Evan McCollough

No. 24
- Position: Defensive back

Personal information
- Born: September 2, 1987 (age 38) Glenarden, Maryland, U.S.
- Height: 5 ft 11 in (1.80 m)
- Weight: 196 lb (89 kg)

Career information
- College: James Madison
- NFL draft: 2009: undrafted

Career history
- 2009: Tampa Bay Buccaneers*
- 2010–2012: Toronto Argonauts
- 2013–2014: Hamilton Tiger-Cats
- 2014: Toronto Argonauts
- * Offseason and/or practice squad member only

Awards and highlights
- Grey Cup champion (2012);
- Stats at CFL.ca (archive)

= Evan McCollough =

American gridiron football player (born 1987)

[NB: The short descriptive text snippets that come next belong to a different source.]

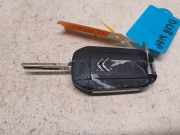 Zündschloss + Schlüssel 1608682880 Citroën C4 Cactus (0B/0P) Schrägheck 5-drs 1.6 Blue Hdi 100 (DV6FD(BHY)) 2018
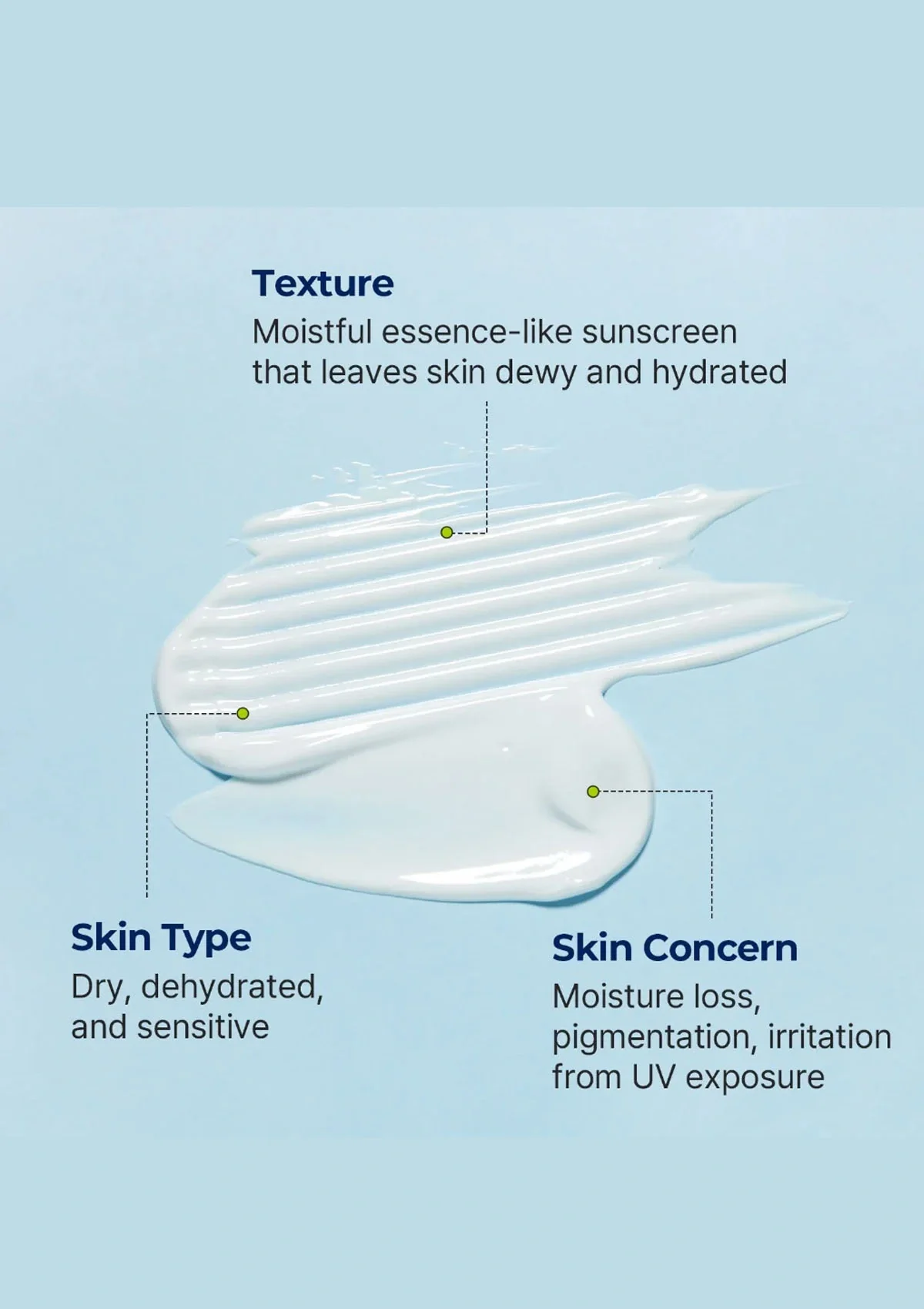 [TORRIDEN] Dive In Low Molecular Hyaluronic Acid Moisture Sun Cream SPF 50+ PA++++ 60ml - Image 3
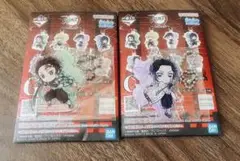 ⭐︎新品未使用　鬼滅の刃 竈門炭治郎 胡蝶しのぶ 2個セット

Evan McCollough (born September 2, 1987) is an American former professional football defensive back who played in the Canadian Football League (CFL).

==College career==
McCollough played college football for the James Madison Dukes.

==Professional career==

===Toronto Argonauts===
On May 28, 2010, McCollough signed as a free agent with the Toronto Argonauts. McCollough was a member of the 100th Grey Cup winning team.

===Hamilton Tiger-Cats===
On February 15, 2013, McCollough signed with the Hamilton Tiger-Cats. He was released by the Tiger-Cats on June 21, 2014.

===Toronto Argonauts===
McCollough was signed to the Toronto Argonauts' practice roster on August 30, 2014.